Map Operations#
Map operations process each row of a table independently, making them perfect for row-by-row transformations, filtering, and data processing tasks.
Overview#
Tip
When to Use Map Operations
Use map operations for row-by-row transformations, filtering, data enrichment, or any task that processes each table row independently.
A map operation takes an input table, processes each row through a mapper script, and writes results to an output table. The operation runs in parallel across multiple jobs on the YT cluster (or sequentially in dev mode).
Key characteristics:
Processes each row independently
Parallel execution (multiple jobs)
Input/output tables required
Custom code execution (mapper.py)
Warning
Mapper Script Requirements
Your mapper script must read from stdin and write to stdout. Each line is a JSON-encoded row.
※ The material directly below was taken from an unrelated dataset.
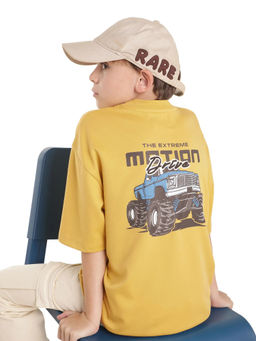 RARE ONES - Boys Yellow Cotton Blend T-shirt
Make sure to flush output after each row.
Quick Start#
Minimal Example#
Stage (stages/process_data/stage.py):
from yt_framework.core.pipeline import DebugContext
from yt_framework.core.stage import BaseStage
from yt_framework.operations.map import run_map
class ProcessDataStage(BaseStage):
def run(self, debug: DebugContext) -> DebugContext:
success = run_map(
context=self.context,
operation_config=self.config.client.operations.map,
)
if not success:
raise RuntimeError("Map operation failed")
return debug
Stage config (stages/process_data/config.yaml):
client:
operations:
map:
input_table: //tmp/my_pipeline/input
output_table: //tmp/my_pipeline/output
resources:
pool: default
memory_limit_gb: 4
cpu_limit: 2
job_count: 2
Mapper script (stages/process_data/src/mapper.py):
#!/usr/bin/env python3
import sys
import json
from omegaconf import OmegaConf
from ytjobs.config import get_config_path
def main():
# Load configuration
config = OmegaConf.load(get_config_path())
# Process each input row
for line in sys.stdin:
row = json.loads(line)
# Transform row
output_row = {
"id": row["id"],
"processed_value": row["value"] * 2
}
# Write output row
print(json.dumps(output_row), flush=True)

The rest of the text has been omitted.